Series: The Organic Gardening Collection
Compost is our way of mimicking nature, yet speeding it up substantially.
Whereas nature slowly decomposes animal manure, leaves and other organic matter, we put a large amount of these things into a pile in specific combinations and ratios to make it happen quickly.
The forest floor is continually covered with moss, ferns, leaves, needles, tree branches and trunks in various stages of life and decomposition.
Compost is not natural. I love making and using compost, but it’s worth remembering that.
Nature makes humus by covering the ground in plants that continually grow and die throughout the seasons and years.
Masanobu Fukuoka points out in The One-Straw Revolution that we don’t need to compost if we maintain plant cover and mulch.
This is true. The reason we compost is just to speed things up a little bit, particularly when we’re dealing with degraded soils. It works, but it doesn’t mean we should forget about mulching and maintaining plant cover.
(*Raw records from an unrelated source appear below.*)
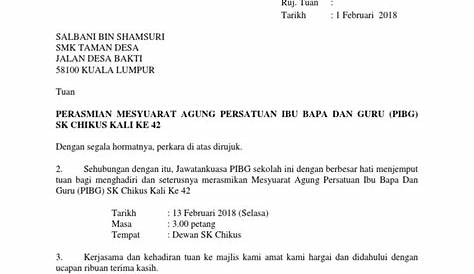 Contoh Surat Jemputan Vip Ke Majlis Perasmian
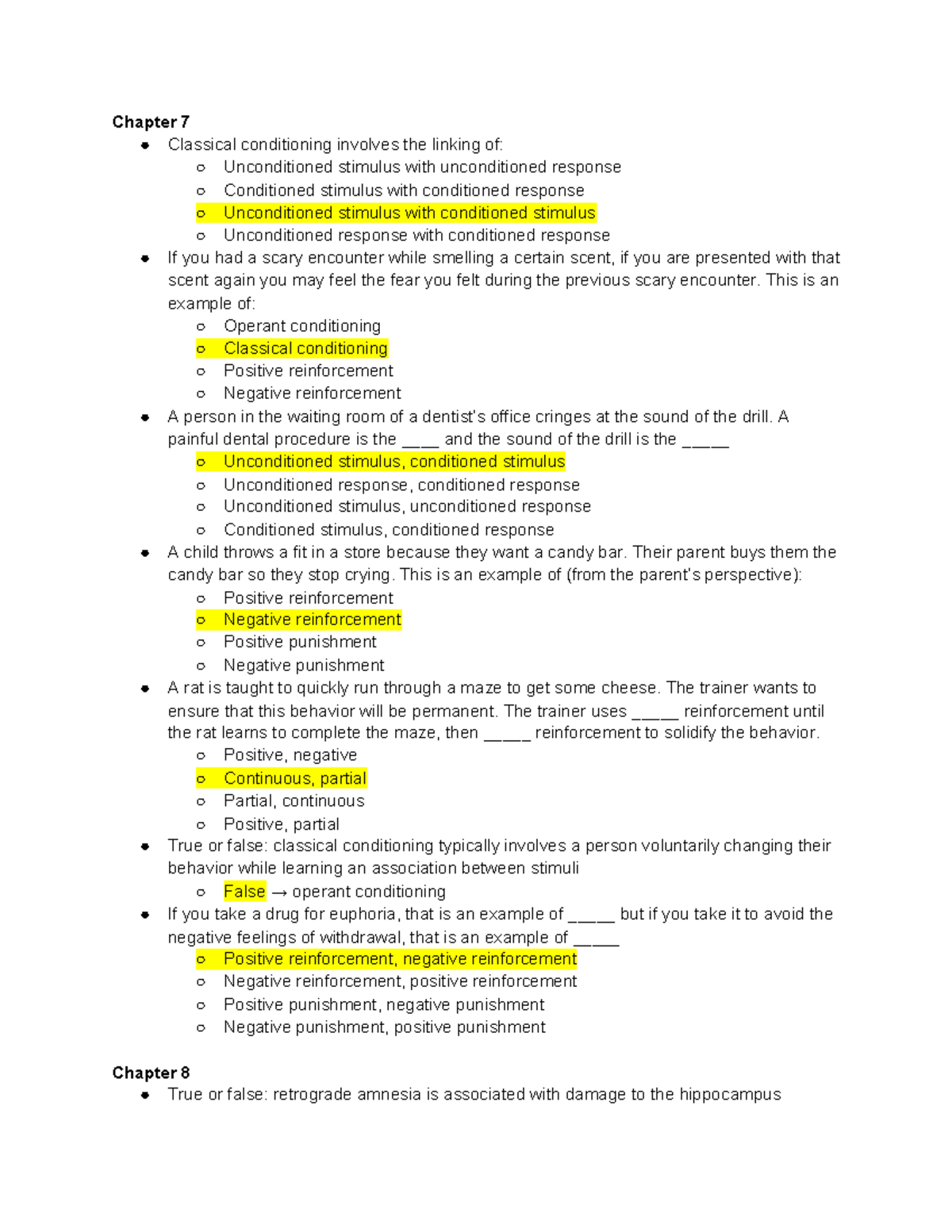 Operant Conditioning Practice Worksheet Answers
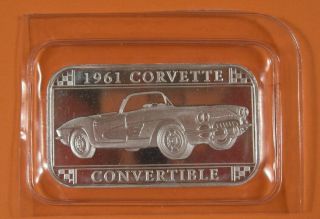 1961 Corvette 1 Oz Pure Silver Bar - Official Gm Licensed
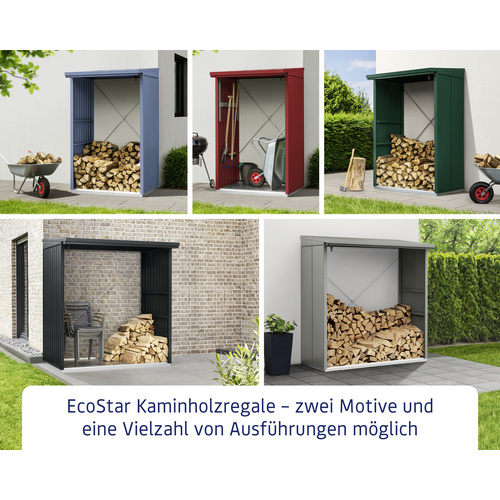 Ecostar Kaminholzregal »Trend-V«, BxHxT: 181,4 x 198 x 102,5 cm, Metall - gruen (Rabatt: 9 %)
We add compost to our soil to quickly increase the number and diversity of microbes and small animals, organic matter content, and nutrients in our soil, all of which are often low because of past gardening or other land use practices.
A lot of resources refer to the organic matter and nutrients, but fail to focus on the microbes.
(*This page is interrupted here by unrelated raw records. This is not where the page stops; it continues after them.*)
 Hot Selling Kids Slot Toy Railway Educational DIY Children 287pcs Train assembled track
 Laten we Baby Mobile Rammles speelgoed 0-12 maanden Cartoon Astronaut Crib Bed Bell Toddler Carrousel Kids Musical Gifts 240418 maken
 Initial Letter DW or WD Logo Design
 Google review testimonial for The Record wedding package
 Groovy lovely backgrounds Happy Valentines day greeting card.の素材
The way compost breaks down is through the action of microbes, earthworms and insects. Their numbers multiply many times in the pile, and to me, they are the number one reason to compost. For most of us, getting that biology back into the soil is more important than using fertilizers.
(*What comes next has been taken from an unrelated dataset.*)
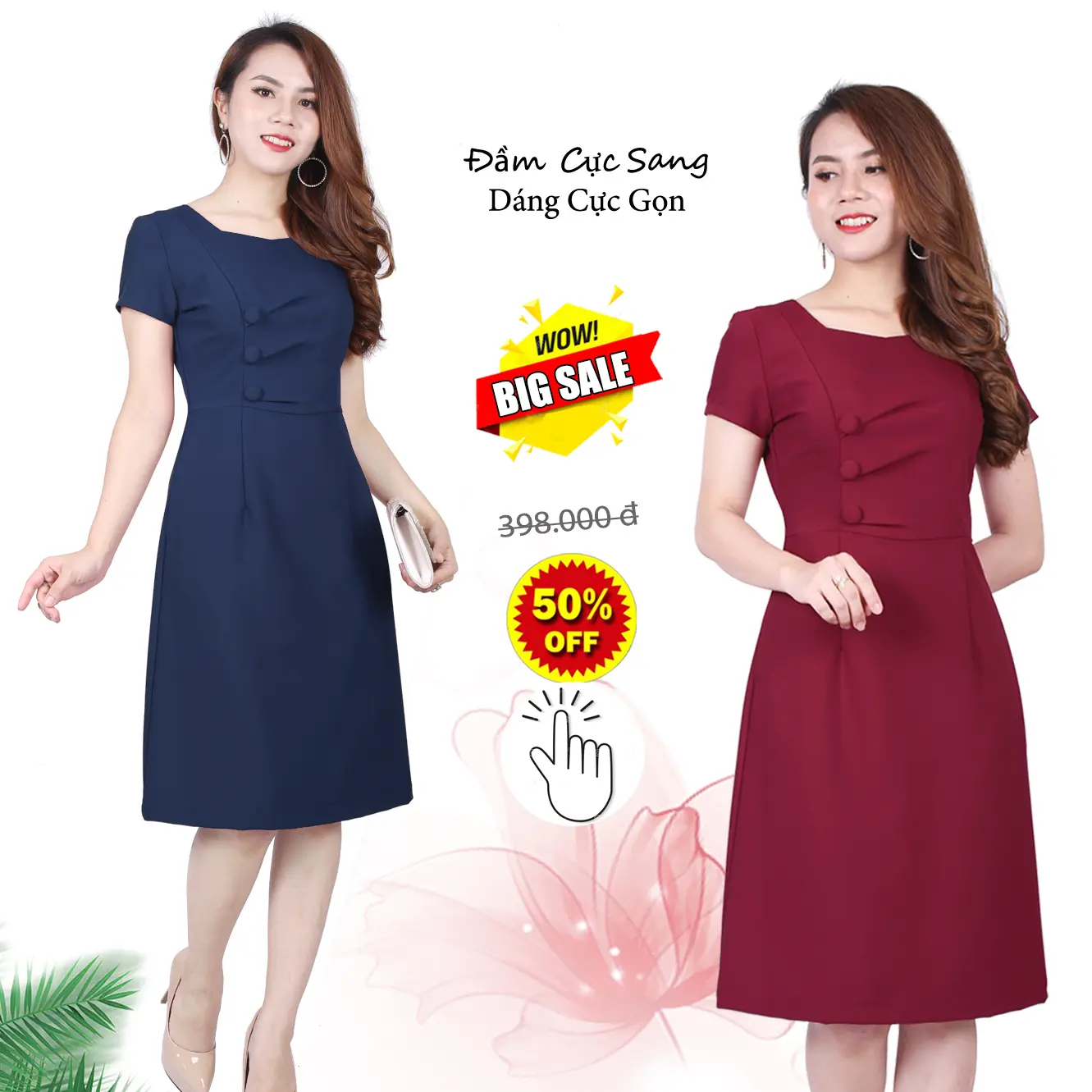 Đầm Suông Phối Cúc Sang Gọn Dáng DL437 DL794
How much compost should you make?
As much as you’re willing to make. I’ve never heard a gardener complain of having too much compost. That being said, it’s better to concentrate your efforts on one properly managed pile than many, poorly managed piles.
And as you’ll see, you actually need very little compost to get big benefits. And you don’t have to get too scientific about it, but you do need to do a few things right. Poorly made compost can be plant-toxic putrefying organic matter.
I’m not going to list all of the materials you can use in your compost.
People often think of compost primarily as a way to dispose of food scraps. But you won’t get high quality compost if that’s all you put in.
Obviously, use good judgment, but pretty much anything that was once alive can go in there. The more variety in your raw materials, the more diverse the resulting compost.
As you’ll see, I don’t use any genetically modified materials (GMOs).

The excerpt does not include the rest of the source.